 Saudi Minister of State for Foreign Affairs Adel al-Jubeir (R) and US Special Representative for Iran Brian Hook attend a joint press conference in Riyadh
____________
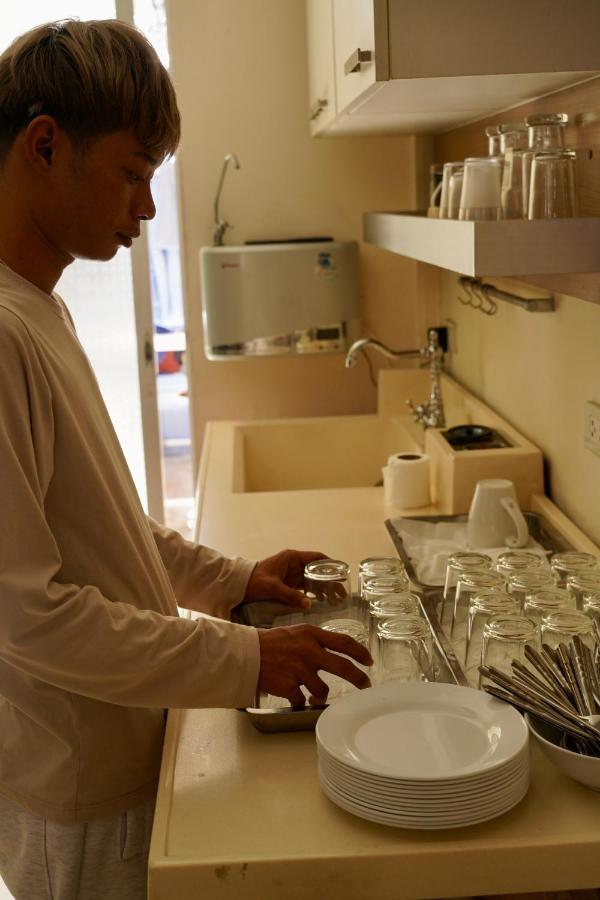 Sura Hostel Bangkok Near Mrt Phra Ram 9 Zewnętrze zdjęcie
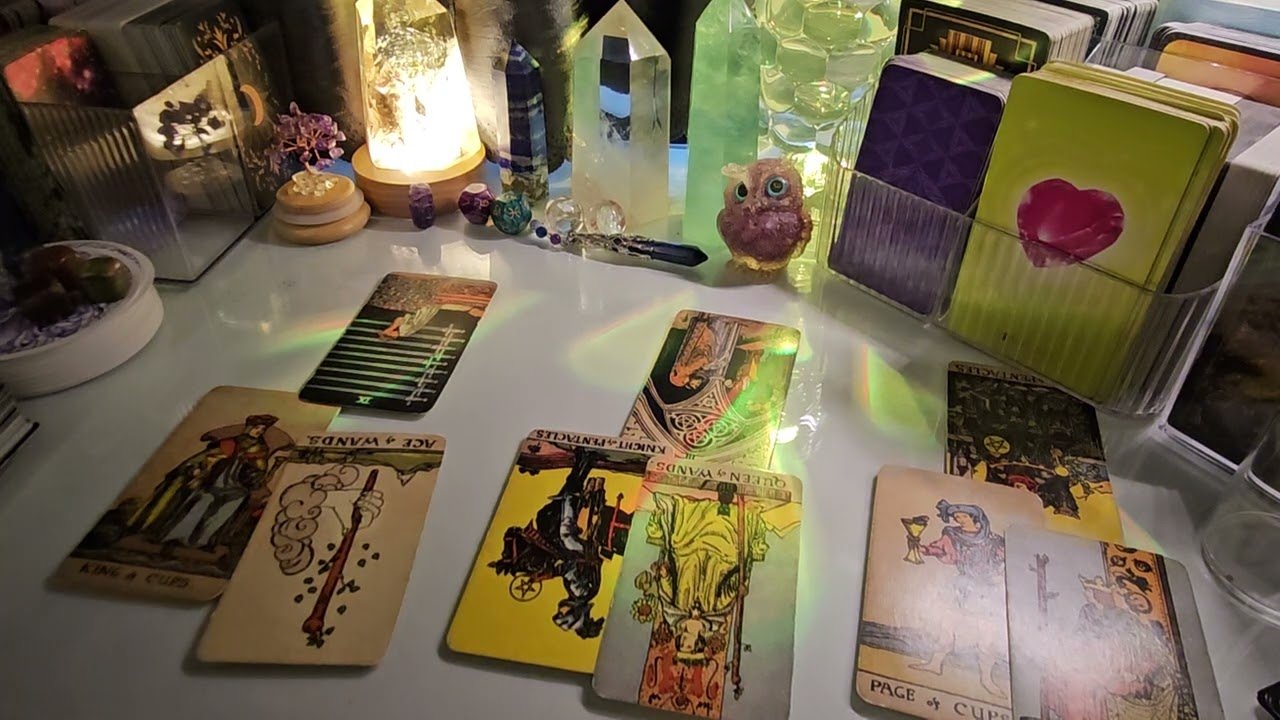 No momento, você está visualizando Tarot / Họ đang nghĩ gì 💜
____________
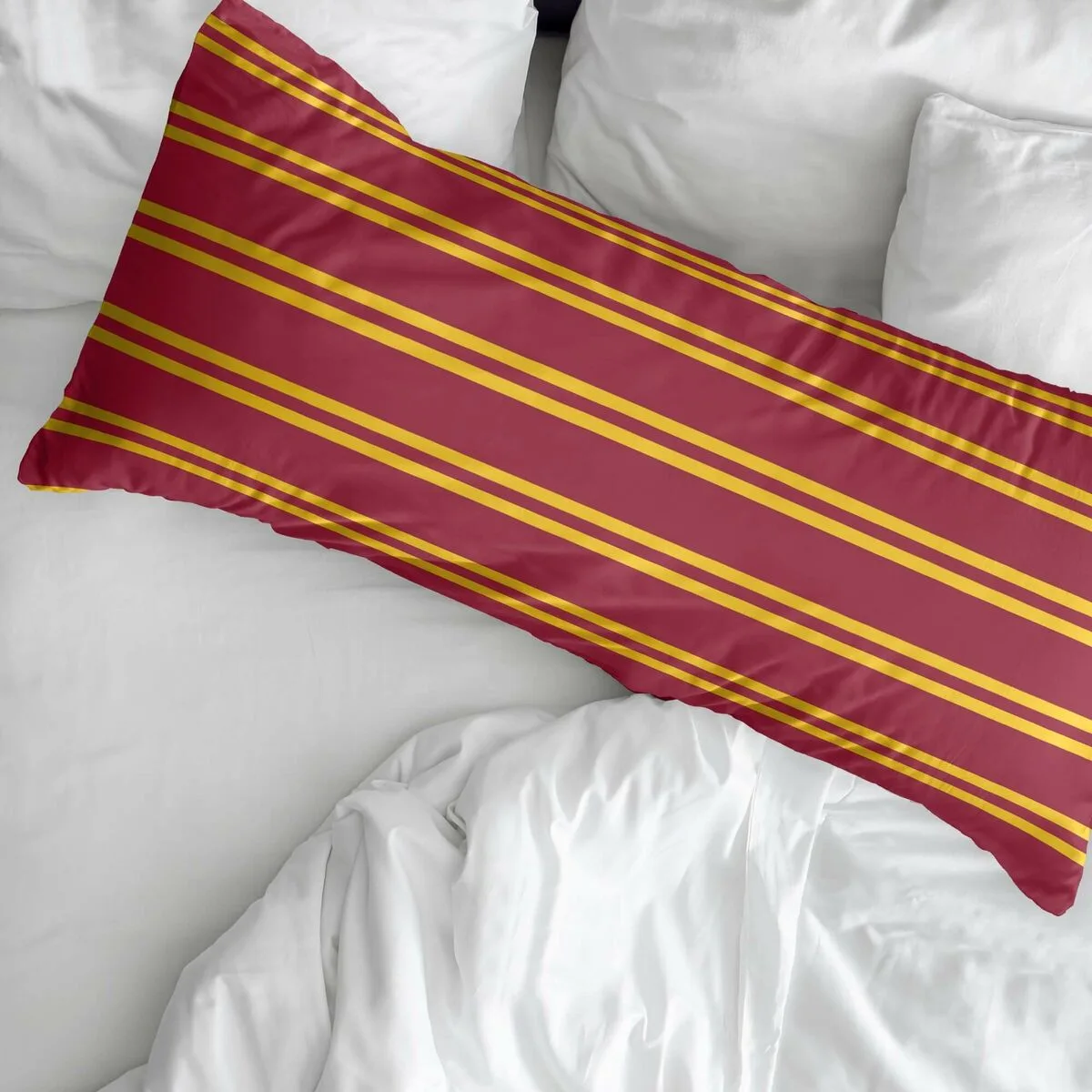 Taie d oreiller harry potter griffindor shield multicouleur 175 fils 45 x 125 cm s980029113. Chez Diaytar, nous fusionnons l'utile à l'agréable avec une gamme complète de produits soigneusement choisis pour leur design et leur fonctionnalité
____________
**Directions for this task**
In the records above, everything from the line with "Sura Hostel Bangkok" down to the line with "No momento, você" is to be set down exactly, both ends included, with no pictures and no other lines.

**Task result**
 Sura Hostel Bangkok Near Mrt Phra Ram 9 Zewnętrze zdjęcie
 No momento, você está visualizando Tarot / Họ đang nghĩ gì 💜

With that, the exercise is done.